L'ultimo sondaggio choc che spaventa Renzi: la Ditta ex Pci vale il 14%

In una rilevazione il Pd senza "scissionisti" si ferma al 20%. Centrodestra stabile al 31%
Pier Francesco Borgia - Mar, 31/01/2017 - 10:48
Ora ci si mettono anche i sondaggi ad agitare i sonni dell'ex premier Matteo Renzi. Secondo quanto rivelato ieri nel corso della puntata di Porta a Porta, nessun partito raggiungerebbe, al momento, la fatidica soglia del 40%.
Quanto registrato dall'istituto Ipr mostra, infatti, il Pd e il Movimento 5 Stelle appaiati al 30% (portando in parlamento 191 deputati ciascuno), la Lega si fermerebbe al 13%, Forza Italia al 12% (con 76 parlamentari), Fratelli d'Italia al 5% e Ncd al 3% (riuscendo così a superare la soglia minima per l'accesso in Parlamento). I risultati ottenuti dall'istituto Tecné non sono molto distanti da questi. Il movimento grillino risulterebbe il primo partito con il 30,5% dei consensi (e 194 seggu) mentre il Pd si fermerebbe al 29% (184 seggi). Lega e Forza Italia appaiate al 13% e Fratelli d'Italia sempre al 5%.

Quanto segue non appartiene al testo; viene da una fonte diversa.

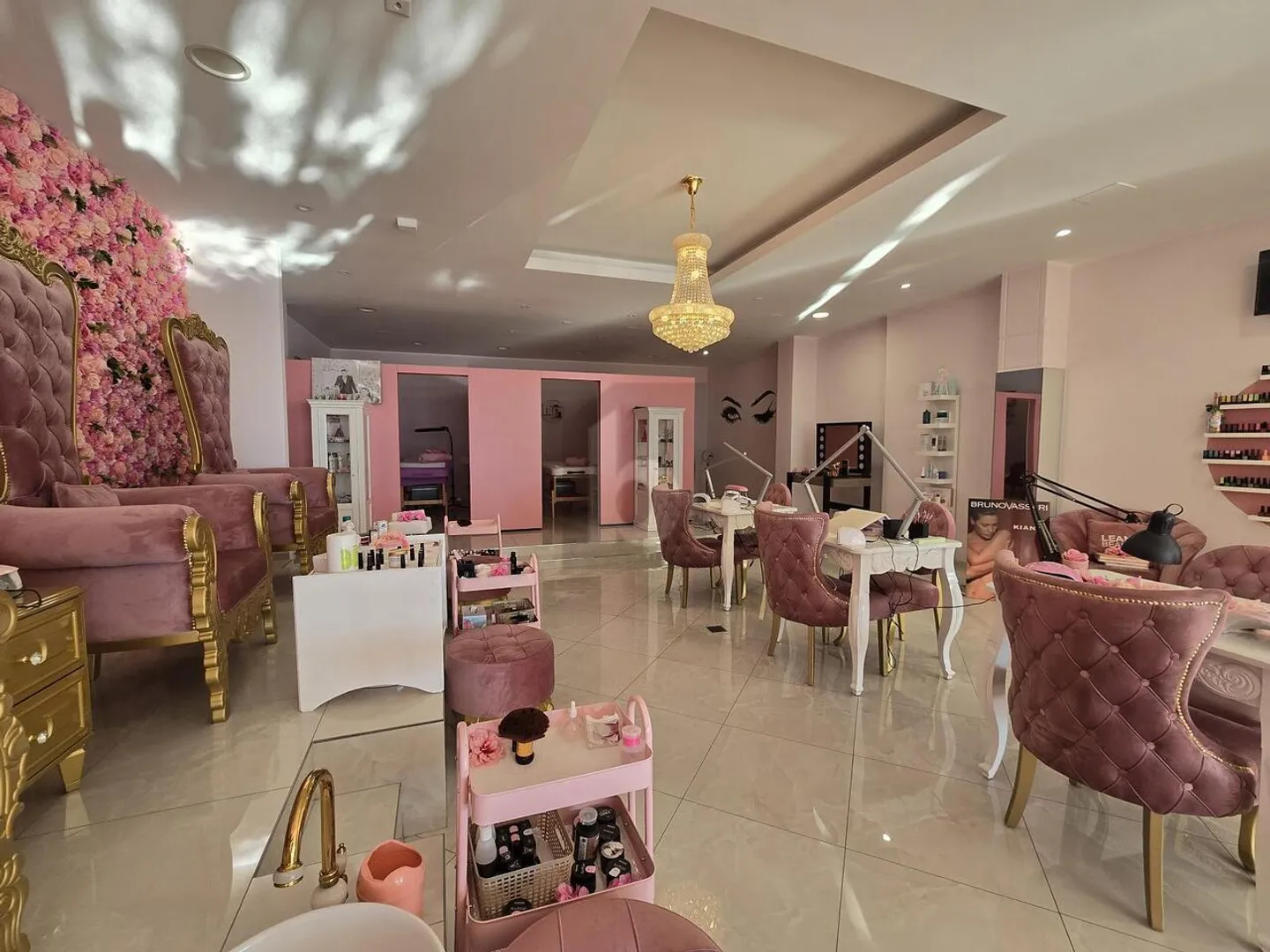 Locale Commerciale con Vista Lago - Foto 1 di 4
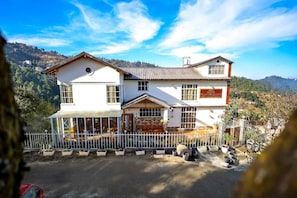 Front of property - The Crosswoods Three (Kosiyakutoli)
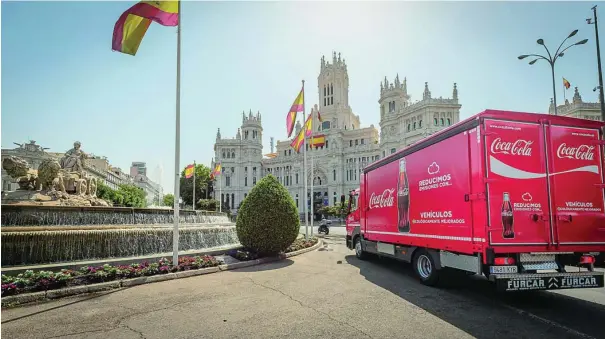  ??  ?? Coca-Cola en España se propone reducir las emisiones de toda su cadena de valor un 30% en diez años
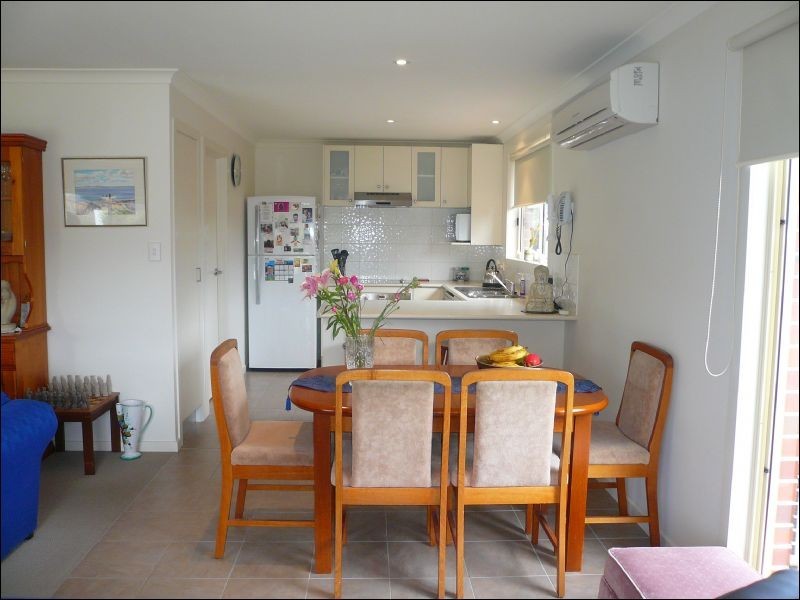 1/3 Bethune Place, Newnham TAS 7248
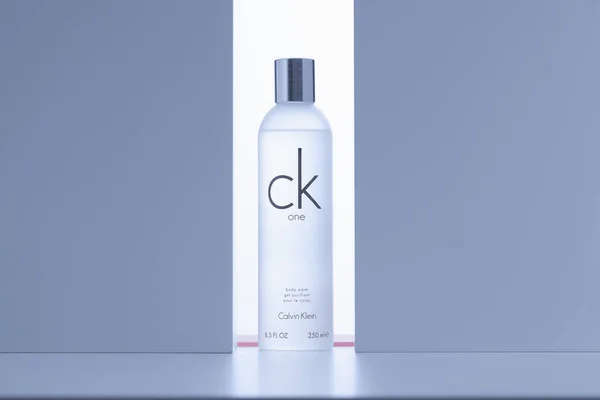 Prag Tjeckien Januari 2021 Calvin Klein Duschkar Bakgrunden Det Vita — Stockfoto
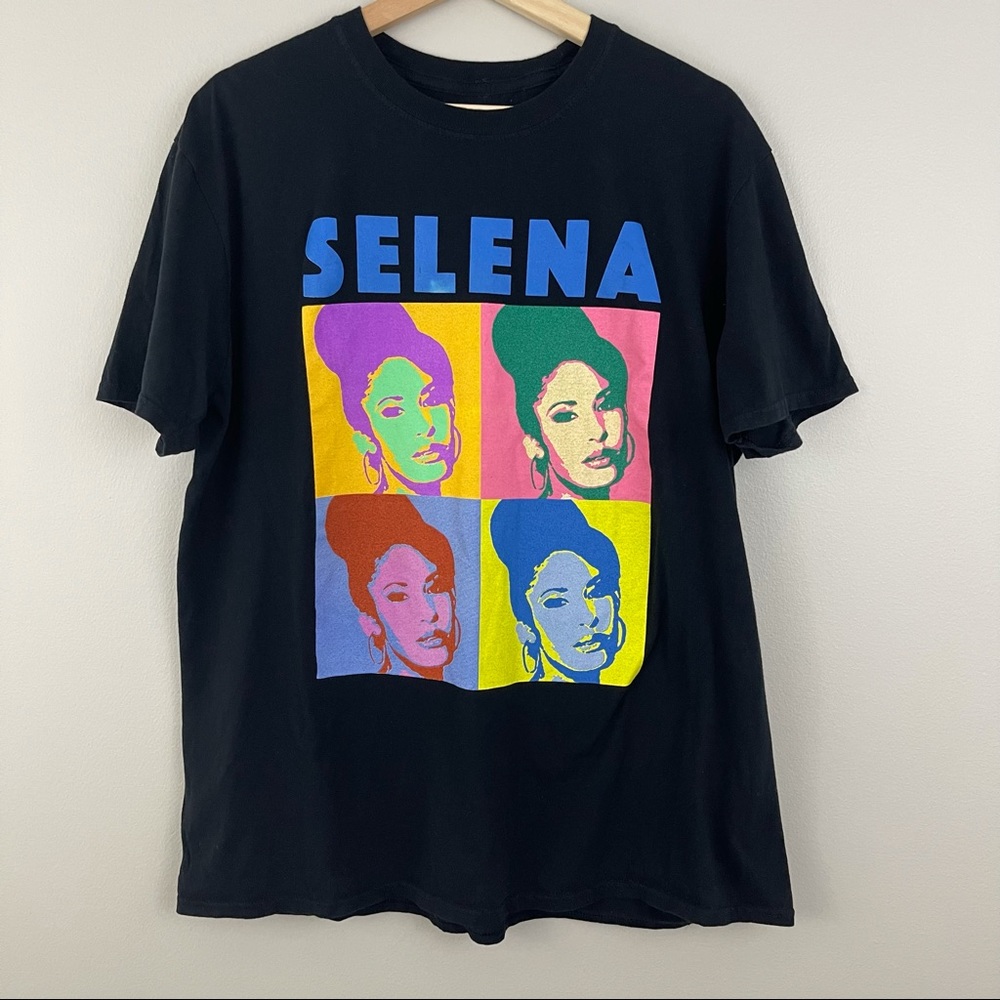 SELENA QUINTANILLA Black Color Pop Graphic Band Tee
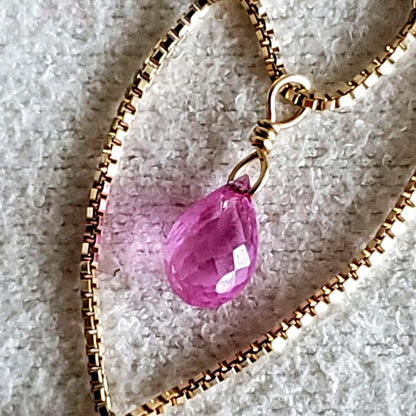 Pink Sapphire Agate necklace with K10 yellow gold Venice chain 36–44 cm and 0.5 x 0.3 cm charm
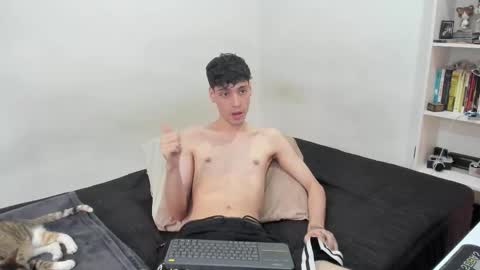 Damian online show from March 12, 8:05 pm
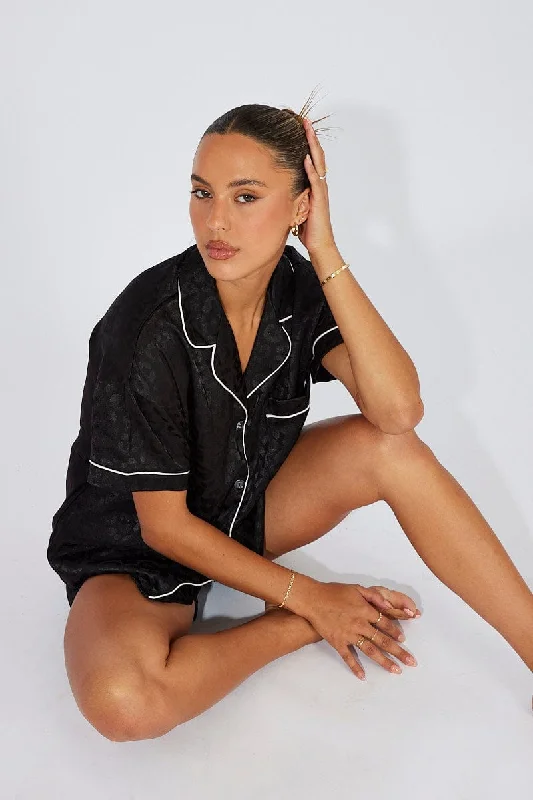 Stylish women's pajamas with trendy style-Black Animal Print Satin Pajamas Set Short Sleeve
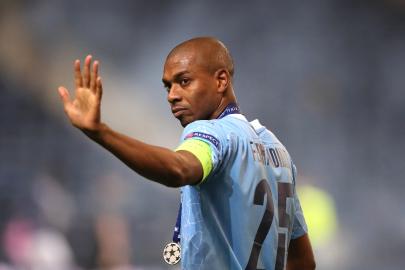Brezilyalı futbolcu Fernandinho, kariyerine son verdi
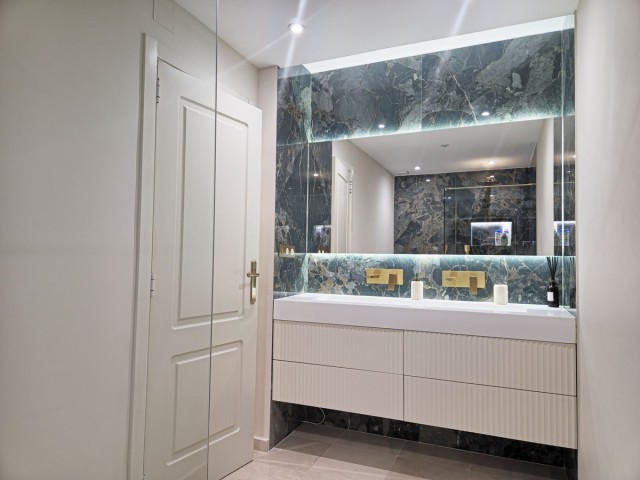 2 Bedrooms Apartment in Benahavís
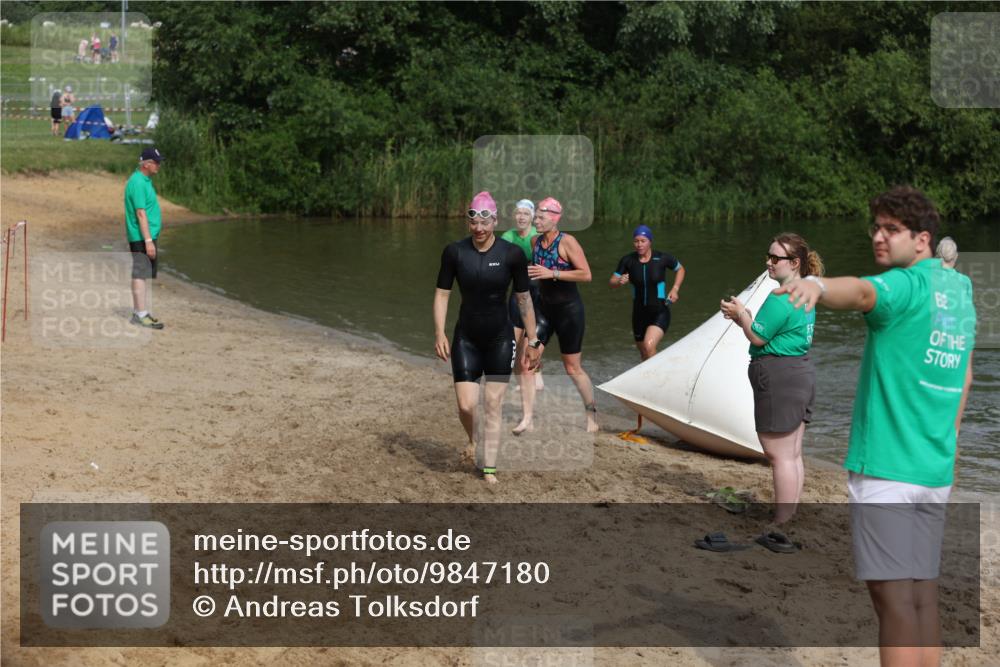 21.06.2026 - 29. Vierlanden-Triathlon Andreas Tolksdorf http://msf.ph/oto/9847180 21.06.2026 09:18:04 Schwimmen 232, 245, 259, 281 meine-sportfotos.de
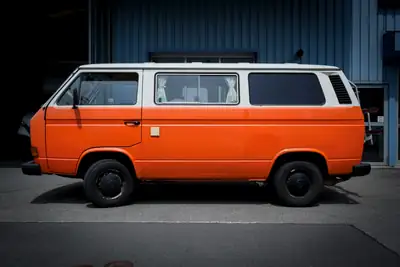VW T3 Typ 2 1990 — Le légendaire Bulli orange, icône rétro incontournable — arrière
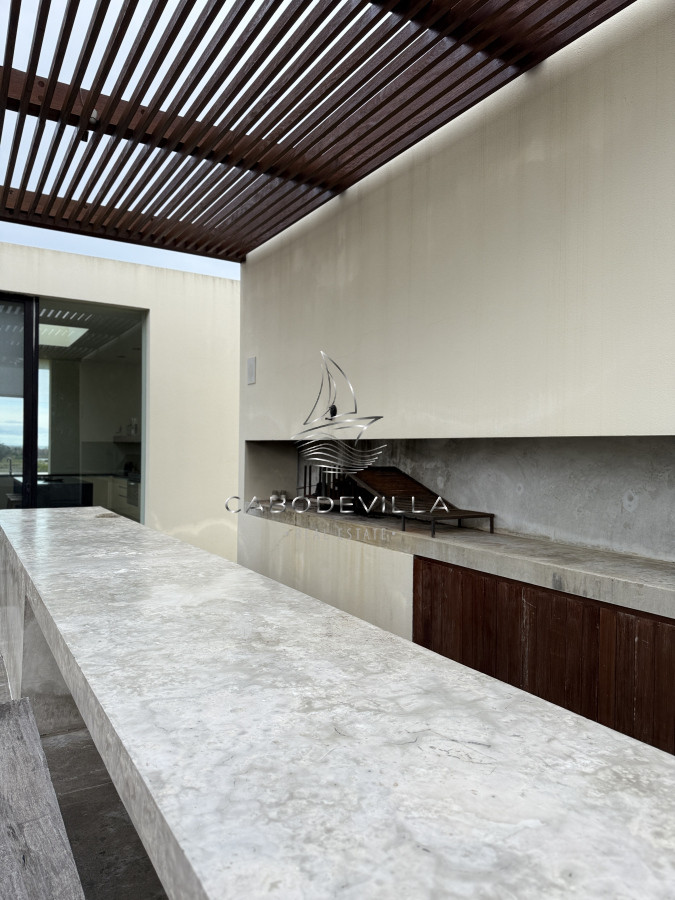 Casa ID.870 - En venta y alquiler Chacra en Manantiales 
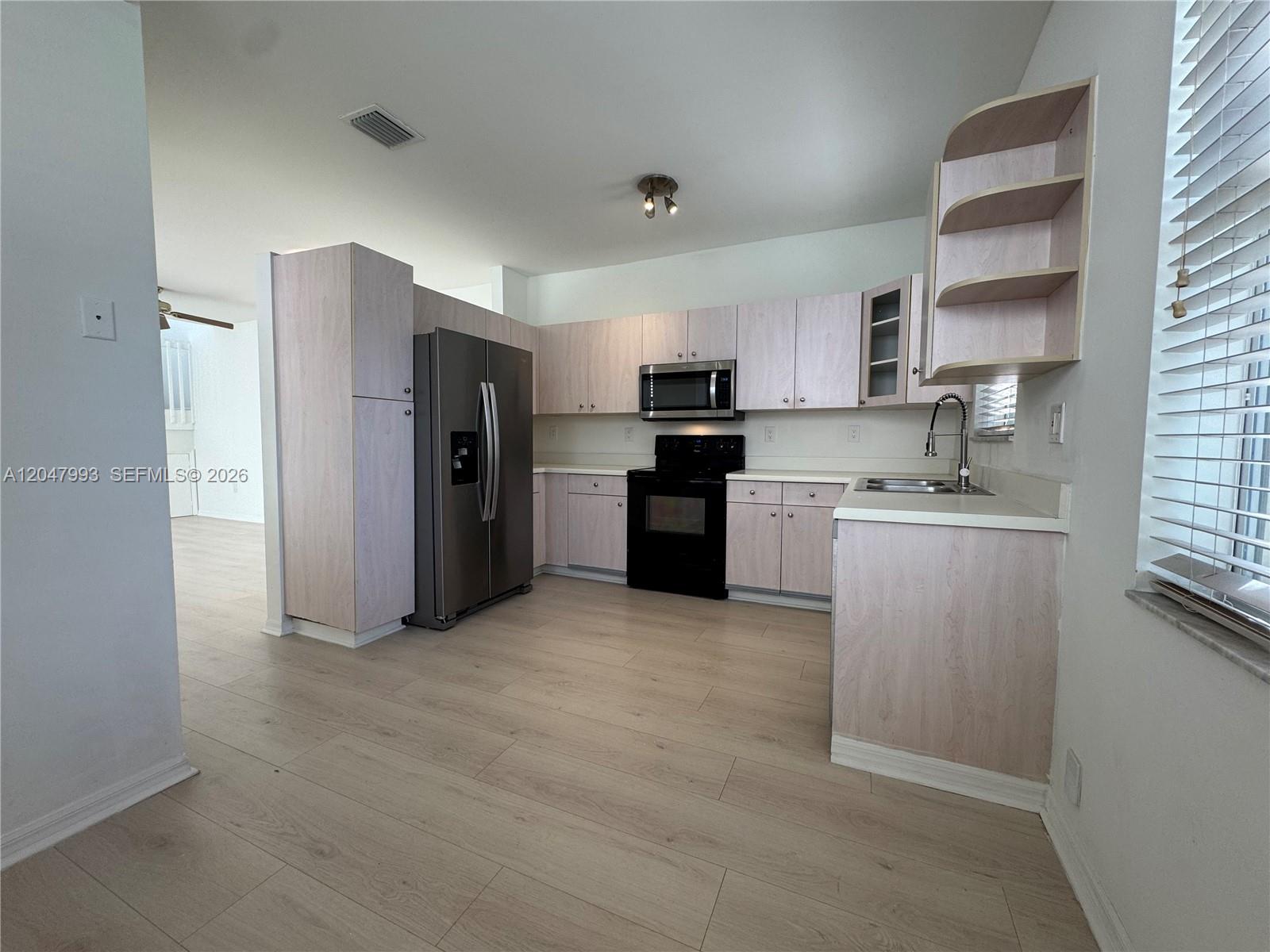 1595 Seagrape Way Unit: -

Insomma nessuna alleanza politica avrebbe i numeri per diventare effettivamente maggioranza parlamentare. Facendo soltanto ipotesi di scuola, ecco i tre governi possibili. Il primo formato da Pd più gli altri partiti del governo attuale, cui aggiungere autonomisti e seggi esteri. Il secondo vedrebbe la coalizione dell'attuale governo affiancata da Forza Italia. Mentre il terzo porterebbe a Palazzo Chigi una compagine formata da grillini, leghisti e Forza Italia.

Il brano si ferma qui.